O jovem empresário de 26 anos desenvolveu um equipamento, patenteado, que se chama carbonizador metálico semicontínuo. Através dele a produção chega a 60 mil quilos de carvão ecológico por mês. Dentre os muitos benefícios da atividade se destacam a baixa emissão de gases na atmosfera, devido à diminuição do consumo de lenha, e a não geração de resíduos nos pátios de produção. Além disso, a qualidade do carvão produzido no carbonizador é superior a outros tipos provenientes dos métodos tradicionais.
Enquanto alguns se arriscam na ilegalidade, Teotonio foi por outro caminho. Ele enfrentou a burocracia e formalizou a atividade. “A produção de carvão utilizando os carbonizadores obrigatoriamente tem que respeitar todos os parâmetros ambientais necessários e nós temos esse cuidado”, explicou. Segundo o empreendedor, a produção de carvão vegetal apresenta muitas vantagens, sendo uma delas a humanização do trabalho.
Teotonio explicou que o trabalhador da biomassa renovável está sempre ao ar livre, sem exposição ao pó do carvão, diferente do que acontece no sistema tradicional, no qual o trabalhador entra no forno de barro, com o interior a 70º C, temperatura que ameaça sua saúde.
Sem concorrentes direto na Paraíba, Teotonio explicou que o foco da empresa é o desenvolvimento de tecnologias e a geração de energia elétrica através do carvão vegetal. “Vendo por esse prisma, não há concorrente direto, porém, na produção e comércio de carvão existem sim, mas em sua maioria atua na ilegalidade”, declarou o empresário.
O principal mercado para o carvão vegetal é a indústria de ferro gusa. “O carvão entra na liga deste ferro, ou seja, não entra apenas como fonte de calor, mas sim como um componente do produto, que é a matéria-prima de aços nobres”, afirmou.
Quando se fala em carvão vegetal, os principais consumidores, na Paraíba, são as churrascarias, segundo Teotonio, embora no momento o fornecimento esteja suspenso porque a empresa está focada no desenvolvimento dos equipamentos e no estudo de mercado para lançar os saquinhos de supermercado do carvão.
Empreendedorismo que vem de família
O espírito empreendedor de Victor Teotonio ele traz no sangue. O avô, um autêntico sertanejo nascido em 1918, decidiu sair da zona rural e estudar em João Pessoa. Era um inconformado, e acabou se tornando exemplo – e fazendo seguidores. “Através desse esforço ele se tornou um homem de muito sucesso. Além dele, meus pais também têm essa vontade de crescer”, afirmou. Os melhores exemplos, portanto, o jovem encontrou dentro de casa.

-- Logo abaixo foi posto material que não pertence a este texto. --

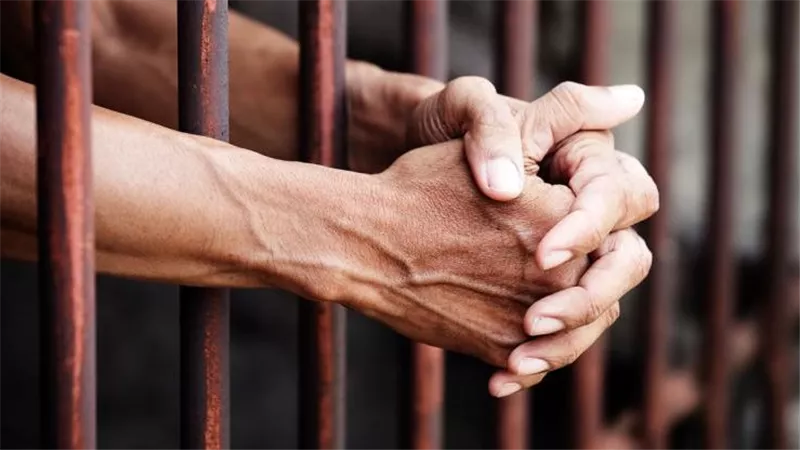 بالسجن المؤبد.. الحكم على عاطلين بتهمة جلب وتهريب المخدرات بين المحافظات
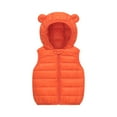 thumbnail image 3 of Kids Hooded Puffer Vest Lightweight Sleeveless Outerwear Zipper Closure Warm Gilet for Boys and Girls Winter Fall Spring, 3 of 3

Ao terminar o ensino médio, Teotonio começou a trabalhar com o pai em um projeto inovador, que resultou no equipamento utilizado para a produção de carvão vegetal, aumentando a eficiência energética e a sustentabilidade da atividade. Nesse período, o jovem começou o curso de Engenharia Ambiental, e agregou conhecimento acadêmico à prática que aprendeu no campo, em família. Com isso, ele e o pai conseguiram melhorar a capacidade da máquina que estava sendo criada. Durante os cinco anos de faculdade, Teotonio realizou estudos em campo em parceria com órgãos ambientais e fundações voltadas à sustentabilidade e eficiência energética.
No ano passado, a Ecocarvão foi contemplada no setor de energia com recursos do programa Tecnova, através da Fundação de Apoio à Pesquisa da Paraíba (Fapesq), do governo do Estado. “Atualmente estamos trabalhando em um equipamento que irá gerar energia elétrica através do carvão vegetal produzido em nossa propriedade, utilizando uma biomassa renovável para gerar eletricidade de forma correta do ponto de vista ambiental”, frisou. O projeto está em ritmo acelerado de desenvolvimento.
Diante da crise energética que o país enfrenta, a atitude empreendedora do jovem promete render bons frutos. “Vejo um mercado em contínuo crescimento para o segmento que estamos nos inserindo”, declarou. Além da Ecocarvão, Teotonio também é sócio em uma empresa de consultoria voltada a projetos e licenciamentos ambientais. “Essa ideia surgiu diante da demanda crescente do serviço em nosso Estado”, contou. Os conselhos do jovem para quem deseja montar um empreendimento são determinação e foco. “Outra coisa que não pode faltar é a excelência no que se deseja executar”, afirmou.
Especialista afirma que produção deve ser sustentável
A importância de buscar a sustentabilidade na produção de carvão vegetal é a mesma para qualquer outro produto, segundo explicou o mestre em engenharia de produção, Lídio Pinheiro. “A produção de carvão vegetal pode e deve ser sustentável. Para que isso ocorra, temos que ter a exata noção do que é sustentabilidade”, declarou. Ele explicou que o termo muitas vezes é atribuído única e exclusivamente à questão ambiental – o que é um erro, conforme Pinheiro.
Na época da pesquisa de mestrado, realizada entre os anos de 2010 e 2012, Pinheiro constatou que a Paraíba contava com apenas uma carvoaria legalizada (exatamente a Ecocarvão). “Apesar de o Estado produzir uma quantidade considerável de metros cúbicos de madeira para a queima, a grande maioria era de forma ilegal e comercializada ilegalmente através de nossas fronteiras”, explicou.
Ainda de acordo com Pinheiro, no Brasil, a maior parte do carvão vegetal é utilizado no aquecimento das caldeiras das siderúrgicas aqui instaladas. “Cabe aos produtores de carvão vegetal optar por uma linha de produção mais limpa e o Estado exercer corretamente o poder de fiscalização e legislar para que essa atividade possa atingir o objetivo da sustentabilidade”, frisou.